By Christopher Schwarz
Workbenches with screw-driven vises are a fairly modern invention. For more than 2,000 years, woodworkers built complex and beautiful pieces of furniture using simpler benches that relied on pegs, wedges and the human body to grip the work.
While it’s easy to dismiss these ancient benches as obsolete, they are – at most – misunderstood.
For the last three years, Christopher Schwarz has been building these ancient workbenches and putting them to work in his shop. With them he built all manner of furniture. Despite any surviving ancient instruction manuals for these benches, Schwarz relied on hundreds of historical paintings for clues as to how these benches worked. Then he replicated the devices and techniques shown in the paintings to see how (or if) they worked.

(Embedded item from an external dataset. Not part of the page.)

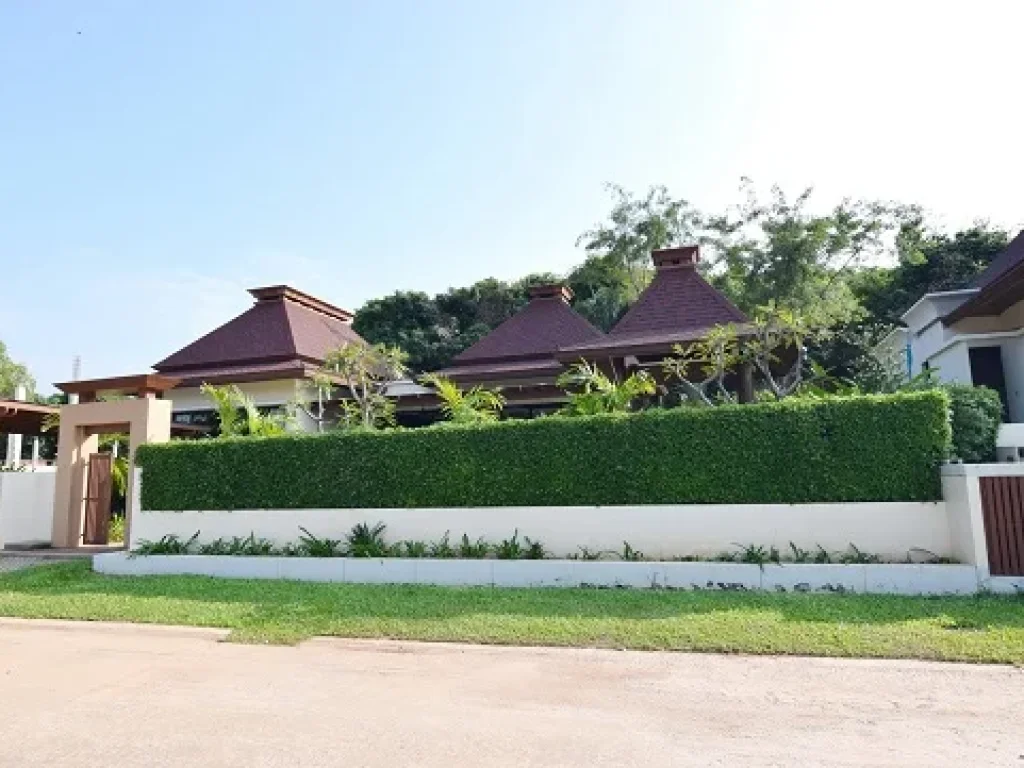 ขายบ้านเดี่ยว PANORAMA POOL VILLA สไตล์บาหลี บรรยากาศดี วิวภูเขา เงียบสงบ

This book is about this journey into the past and takes the reader from Pompeii, which features the oldest image of a Western bench, to a Roman fort in Germany to inspect the oldest surviving workbench and finally to his shop in Kentucky, where he recreated three historical workbenches and dozens of early jigs.
Size: 8-1/2” x 11” Hardback
160 pages and printed in full color on beautiful coated paper. The binding is sewn to last for generations.
Please note the cover from this book has recently changed, but contents remain the same.
Like all Lost Art Press books, Ingenious Mechanicks - Early Workbenches and Workholding, is produced and printed entirely in the United States.